Artists home a showpiece for cutting-edge creations

Sign up for Weekday J and get the latest on what's happening in the Jewish Bay Area.

TEL AVIV — One of Israel's — no, the world's — most extraordinary museums recently opened in Israel's ancient port of Jaffa.

The Ilana Goor Museum, named for its artist-owner, is both a gallery displaying Goor's own art, sculpture, jewelry and design, and a repository for the vast, unusual collection she has amassed from the far corners of the earth.

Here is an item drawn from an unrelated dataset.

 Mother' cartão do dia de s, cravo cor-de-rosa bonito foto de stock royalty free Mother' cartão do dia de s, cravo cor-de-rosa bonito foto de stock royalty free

But that's only half the story.

Because this array of striking and curious artworks has been breathtakingly displayed within the beige stone walls of a spacious 18th-century pilgrim's hostel — a building painstakingly restored and refurbished, complete with arches, porches, vaulted halls, cloisters, staircases, skylights, picture windows and terraces overlooking the Mediterranean and the 4,000 year-old port.

The ancient hostel — dating from the mid-1700s, and the first inn providing shelter to Jewish pilgrims en route to Jerusalem — is also the home Goor shares with her husband. And that is another part of the museum's charm.

Visitors are free to wander through the Goors' living room, guest bedroom, the guest bathroom with its stone sink and hand-crafted bronze fittings, and the magnificently equipped stone and steel kitchen.

Everything is Goor-designed, from the tables to the chairs to the towel racks, to the coat hooks, created artfully to startle or entertain.

Her work is monumental. It exudes the most extravagant, even brazen sense of style. Her sculptures — fashioned from wood, glass, bronze, iron, tapestry — can be vast and daunting, or tiny and poignant.

Jewelry is startlingly bold — requiring the wearer to have both a dramatic sense of style, and a goodly amount of chutzpah.

Furniture is ingenious, designed to amuse, to impress or to shock. And yet it is created with such imagination and taste that, somehow, none of it goes over the top.

The Ilana Goor Museum is open daily, as is its terrace restaurant. There, visitors can gaze at Jaffa's mosques, its building parapets and cupolas, the sea's waves and fishing boats, and snack on exquisite-looking (and exquisite-tasting) tarts, focaccias, salads, pies, drinks and coffees. The museum shop sells Goor's jewelry, tableware, fabrics and clothing.